# XPS HD PSI for above concrete slab



## gregzoll (Dec 25, 2006)

You would be better to lay a sub floor over the XPS. What is the current height. from floor to joists for the main floor?


----------



## ram1500 (Oct 14, 2012)

Walls and ceilings are already have drywall and primed.

Since this is a basement we have bulkheads around ducts. Under bulk heads is about 79 1/2" high otherwise everywhere else is 90".

As an FYI, bulk head is bout 5ft wide right in the middle of house. Kinda large IMO but there wasn't a choice.

My wife suffers from raynauld's, poor blood circulation in the hands/feet, so it has to be warm.

We will be adding a gas fireplace as well if that helps.


----------



## gregzoll (Dec 25, 2006)

Your best bet is to use either heat under the flooring, or baseboard rad's, and forgive the xps on the floor. As long as you keep the air moving down there and heat when you are in the space, you will be fine. Personally I hate being in a basement for anything, unless I have to be down there to do something.

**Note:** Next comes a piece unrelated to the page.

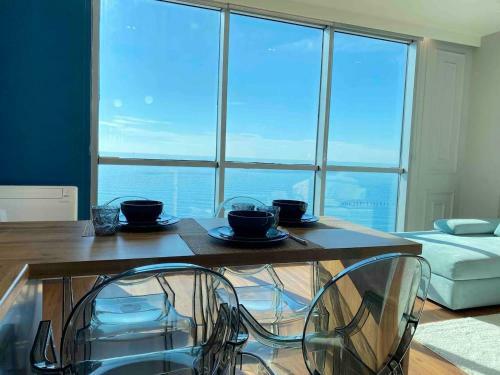 Apartamento Luxury Suite, Sea View City Center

It is more of getting the walls insulated, is going to be your best bet, other than trying to put a bunch of work into effort on the floor.

At a little over 6 1/2 feet at the lowest point, and 7 1/2 at the highest, your basement is actually about the same as ours. I have to stoop to get under the duct work above our furnace. due to I am 6'-4".


----------



## Gary in WA (Mar 11, 2009)

The psi depends on the furniture planned... I usually site this at 36# or 5200#ft.2; http://www.cosella-dorken.com/bvf-ca-en/products/foundation_residential/floor/products/fl.php

Here are some other foams/floors: http://www.buildingscience.com/documents/insights/bsi-059-slab-happy

http://www.buildingscience.com/documents/insights/bsi-003-concrete-floor-problems?full_view=1

Were you looking to heat it?

Gary


----------